Ukraine’s government has been hit by a huge cyberattack, along with several banks, energy firms, an airport, and the country’s Metro network.
Ukrainian state-run aircraft manufacturer Antonov and state power distributor Ukrenergo were hit by the attack. Furthermore, the National Bank of Ukraine said an “unknown virus” hit their servers, saying several unnamed Ukrainian banks were affected. Oschadbank, one of Ukraine’s largest state-owned lenders, said some of its services had been affected by a “hacking attack”, however, they were able to guarantee that their customer’s data was safe.
The virus has also hit Russian companies Rosneft, Bashneft, Mars and Nivea. Massive Danish business conglomerate Maersk also confirmed they were hit by the attack.
A number of Ukrainian banks and companies, including the state power distributor, were hit by a cyber attack on Tuesday that disrupted some operations, the Ukrainian central bank said.
The latest disruptions follow a spate of hacking attempts on state websites in late-2016 and repeated attacks on Ukraine’s power grid that prompted security chiefs to call for improved cyber defenses. The central bank said an “unknown virus” was to blame for the latest attacks, but did not give further details or say which banks and firms had been affected.
Oschadbank, one of Ukraine’s largest state-owned lenders, said some of its services had been affected by a “hacking attack” but guaranteed that customer data was safe. Ukrainian state power distributor Ukrenergo said its IT system had been hit by a cyber attack, but the disruption had no impact on power supplies or its broader operations.
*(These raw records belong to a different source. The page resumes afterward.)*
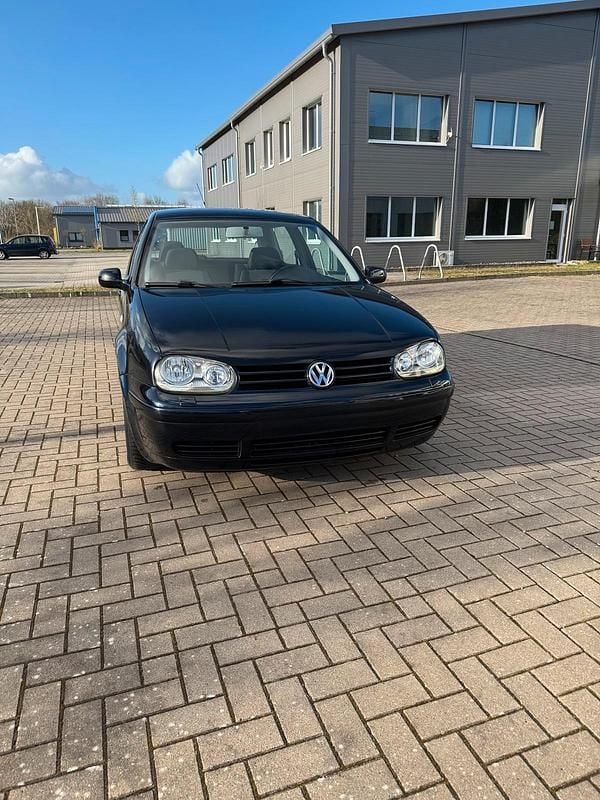 Gebraucht VW Golf IV 101 PS (74 kW) 2002 Blau Limousine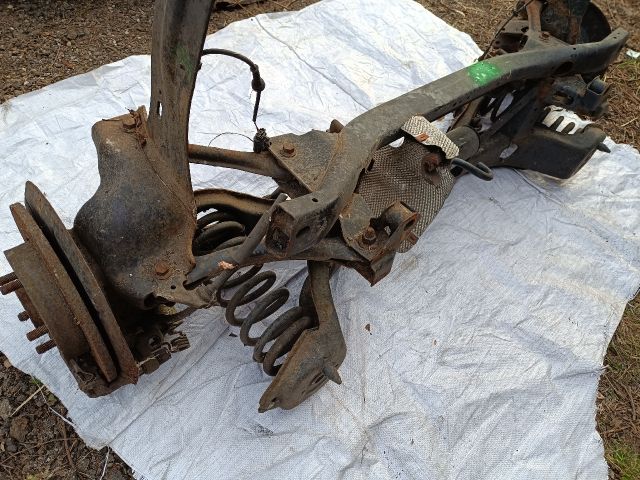 bontott FORD FOCUS II Hátsó Futómű (Részeivel)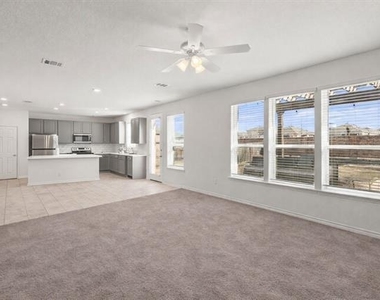 2800 Weston Road - Photo Thumbnail 6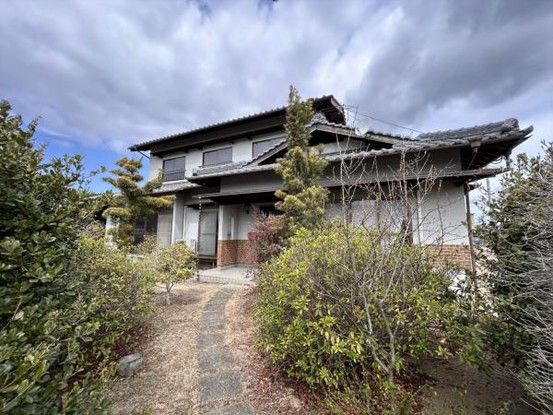 Spacious 7DK House on Large Corner Lot in Takamatsu City - Thumbnail 2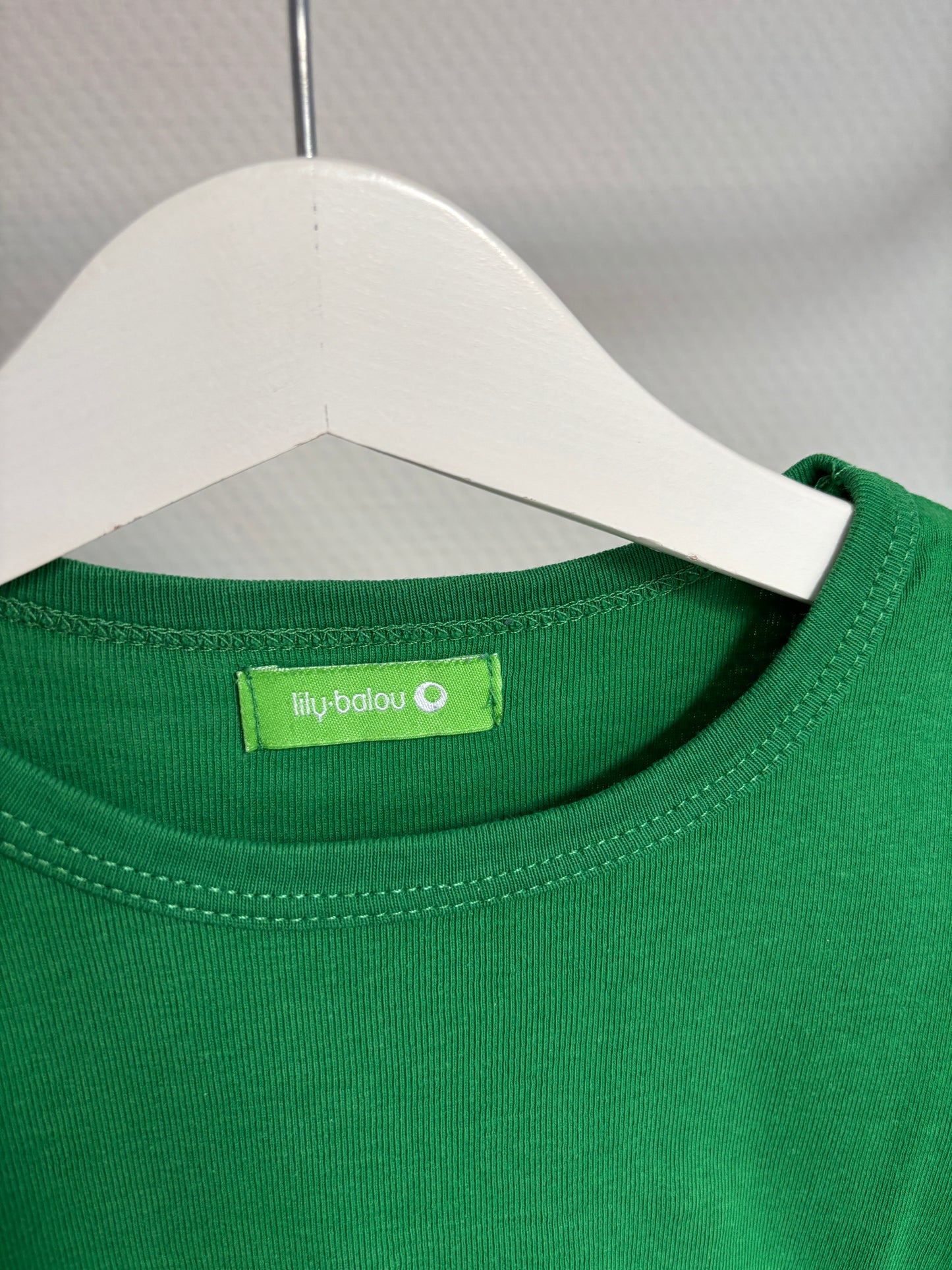 Groene longsleeve met hond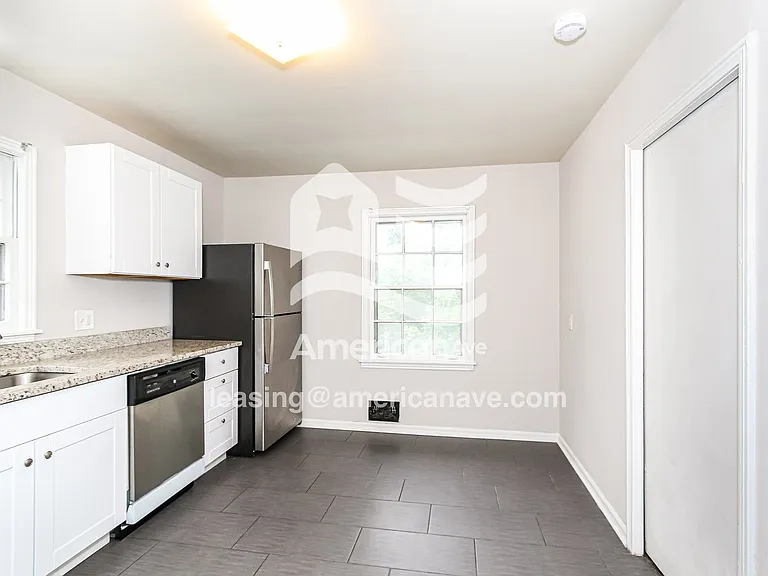 61171_005_kitchen_6.jpg
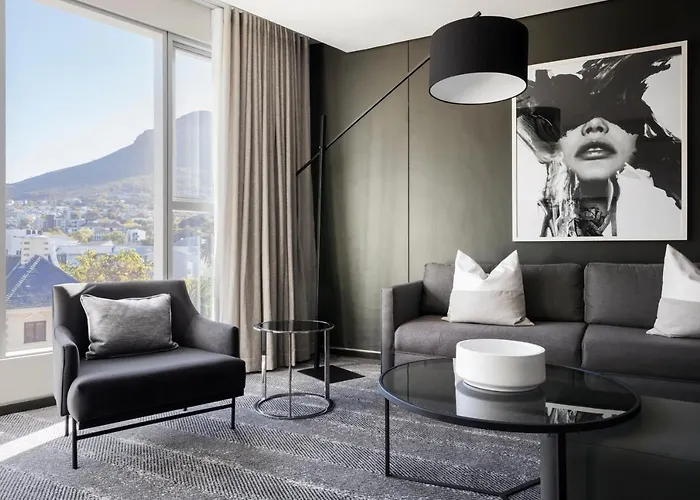 The Capital 15 On Orange Hotel & Spa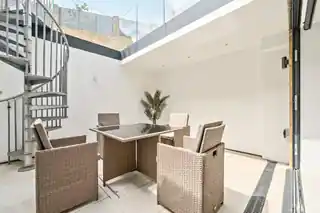 11 Hill House Road, photo 4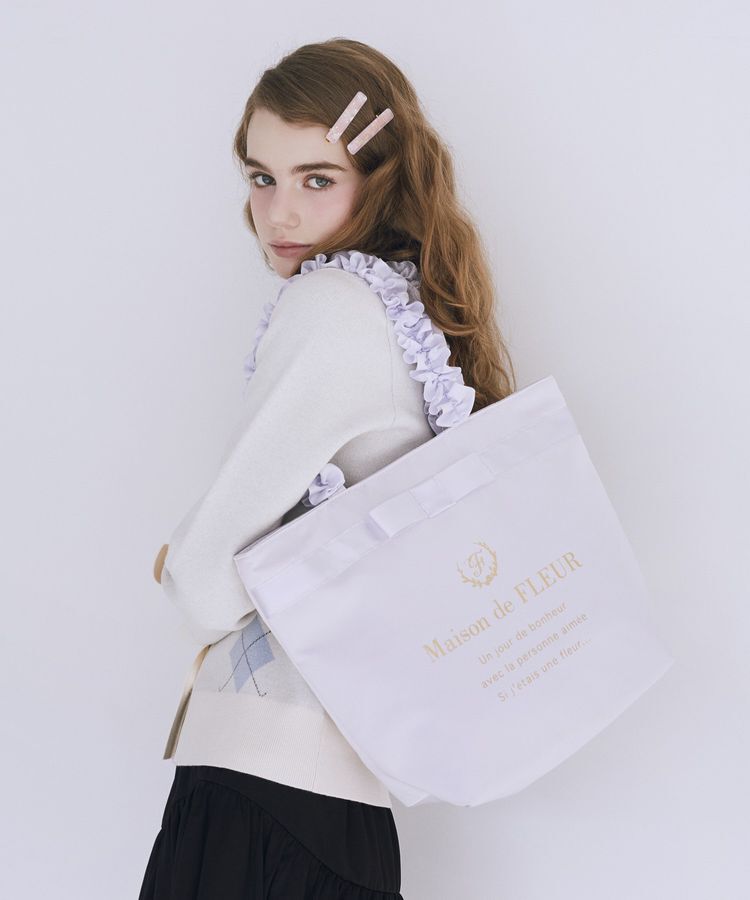 Maison de FLEUR「【Mサイズ/A4対応】ブランドロゴフリルハンドルトートMバッグ」|トートバッグ|ラベンダー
Rozenko Pavlo, Ukraine’s Deputy Prime Minister, tweeted an image of the virus, saying he and other members of the cabinet were unable to access their computers.
Та-дам! Секретаріат КМУ по ходу теж "обвалили". Мережа лежить. pic.twitter.com/B74jMsT0qs
— Rozenko Pavlo (@RozenkoPavlo) June 27, 2017
What Is Petya Ransomware?
“Petya is different from the other popular ransomware these days. Instead of encrypting files one by one, it denies access to the full system by attacking low-level structures on the disk. This ransomware’s authors have not only created their own boot loader but also a tiny kernel, which is 32 sectors long.
Petya’s dropper writes the malicious code at the beginning of the disk. The affected system’s master boot record (MBR) is overwritten by the custom boot loader that loads a tiny malicious kernel. Then, this kernel proceeds with further encryption. Petya’s ransom note states that it encrypts the full disk, but this is not true. Instead, it encrypts the master file table (MFT) so that the file system is not readable.”